Since most interactions only involve a single dimension, and then only small adjustments are made to the filter values, incremental filtering and reducing is significantly faster than starting from scratch. Tesseract uses sorted indexes (and a few bit-twiddling hacks) to make this possible, dramatically increasing the perfor­mance of live histograms and top-K lists. For more details on how Tesseract works, see the API reference.

Are you ready to “slice and dice” your data set?

Multivariate Statistical Analysis: Old School

Monday, February 27th, 2012

Multivariate Statistical Analysis: Old School by John Marden.

From the preface:

The goal of this text is to give the reader a thorough grounding in old-school multivariate statistical analysis. The emphasis is on multivariate normal modeling and inference, both theory and implementation. Linear models form a central theme of the book. Several chapters are devoted to developing the basic models, including multivariate regression and analysis of variance, and especially the “both-sides models” (i.e., generalized multivariate analysis of variance models), which allow modeling relationships among individuals as well as variables. Growth curve and repeated measure models are special cases.
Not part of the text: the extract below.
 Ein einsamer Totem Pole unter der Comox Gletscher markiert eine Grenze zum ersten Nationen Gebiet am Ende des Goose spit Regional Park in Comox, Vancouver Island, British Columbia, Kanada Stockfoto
The linear models are concerned with means. Inference on covariance matrices covers testing equality of several covariance matrices, testing independence and conditional independence of (blocks of) variables, factor analysis, and some symmetry models. Principal components, though mainly a graphical/exploratory technique, also lends itself to some modeling.

Classification and clustering are related areas. Both attempt to categorize individuals. Classification tries to classify individuals based upon a previous sample of observed individuals and their categories. In clustering, there is no observed categorization, nor often even knowledge of how many categories there are. These must be estimated from the data.
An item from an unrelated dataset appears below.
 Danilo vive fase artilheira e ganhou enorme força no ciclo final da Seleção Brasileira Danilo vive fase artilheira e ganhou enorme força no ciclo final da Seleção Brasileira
Other useful multivariate techniques include biplots, multidimensional scaling, and canonical correlations.

The bulk of the results here are mathematically justified, but I have tried to arrange the material so that the reader can learn the basic concepts and techniques while plunging as much or as little as desired into the details of the proofs.

Practically all the calculations and graphics in the examples are implemented using the statistical computing environment R [R Development Core Team, 2010]. Throughout the notes we have scattered some of the actual R code we used. Many of the data sets and original R functions can be found in the file For others we refer to available R packages.
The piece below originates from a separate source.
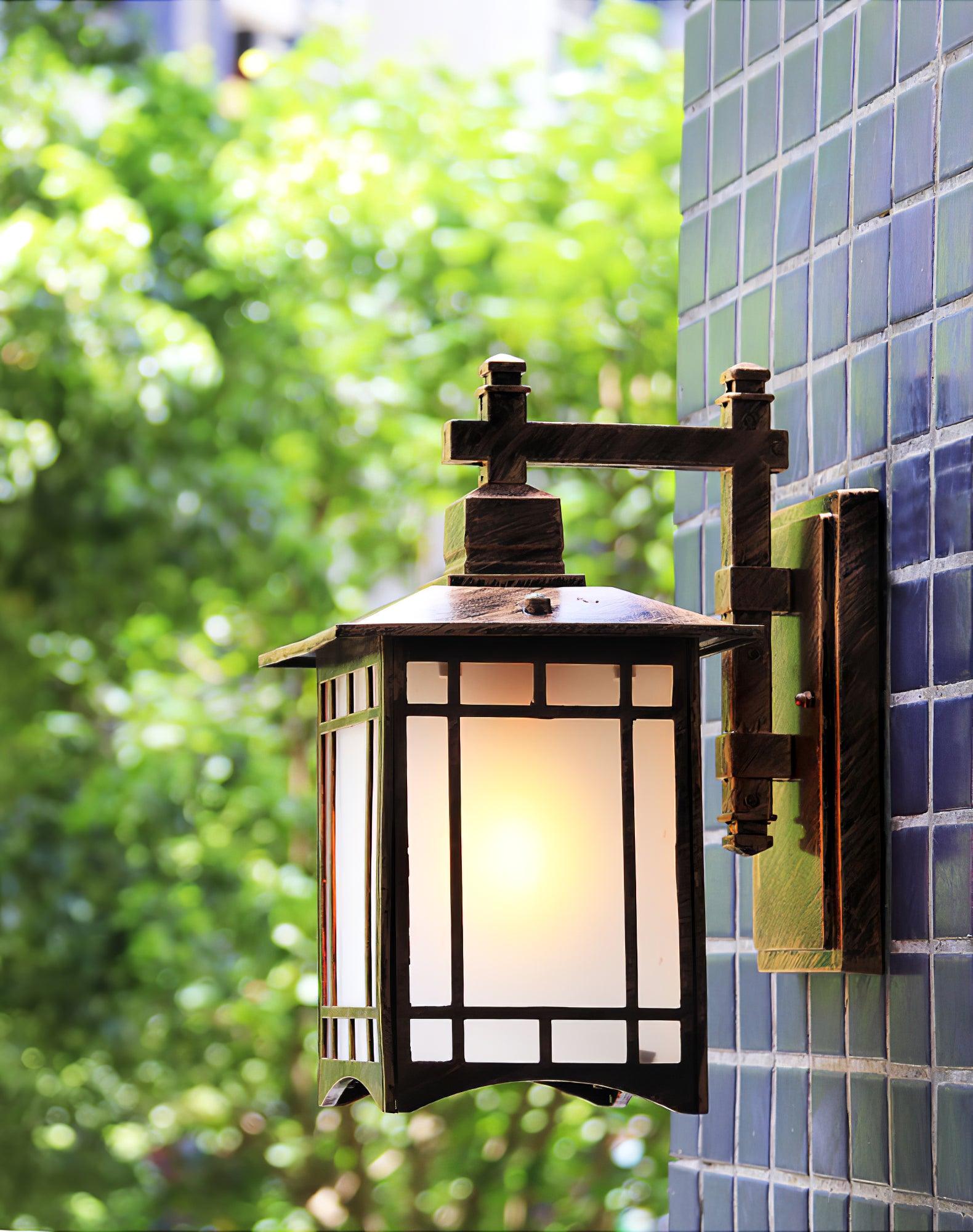 Orm House Wall Light - Lumpaz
This is “old school.” A preface that contains useful information and outlines what the reader may find? Definitely “old school.”

Found thanks to: Christophe Lalanne’s A bag of tweets / Feb 2012.


Sunday, September 25th, 2011

Musimetrics by Vilson Vieira, Renato Fabbri, and Luciano da Fontoura Costa.


Can the arts be analyzed in a quantitative manner? We propose a methodology to study music development by applying multivariate statistics on composers characteristics. Seven representative composers were considered in terms of eight main musical features. Grades were assigned to each characteristic and their correlations were analyzed. A bootstrap method was applied to simulate hundreds of artificial composers influenced by the seven representatives chosen. Applying dimensionality reduction we obtained a planar space used to quantify non-numeric relations like dialectics, opposition and innovation. Composers differences on style and technique were represented as geometrical distances in the planar space, making it possible to quantify, for example, how much Bach and Stockhausen differ from other composers or how much Beethoven influenced Brahms. In addition, we compared the results with a prior investigation on philosophy. The influence of dialectics, strong on philosophy, was not remarkable on music. Instead, supporting an observation already considered by music theorists, strong influences were identified between subsequent composers, implying inheritance and suggesting a stronger master-disciple evolution when compared to the philosophy analysis.

The article concludes:

While taking the first steps on the direction of a quantitative approach to arts and philosophy we believe that an understanding of the creative process could also be eventually quantified. We want to end this work going back to Webern, who early envisioned these relations: “It is clear that where relatedness and unity are omnipresent, comprehensibility is also guaranteed. And all the rest is dilettantism, nothing else, for all time, and always has been. That’s so not only in music but everywhere.”

You are going to encounter multivariate statistics in a number of contexts. Where are the weak points in this paper? What questions would you ask? (Hint, they don’t involve expertise in music history or theory.) If you are familiar with multivariate statistics, what are the common weak points of that type of analysis?

I remember multivariate statistics from their use in the 1960’s/70’s in attempts to predict Supreme Court (US) behavior. The Court was quite safe and I think the same can be said for composers in the Western canon.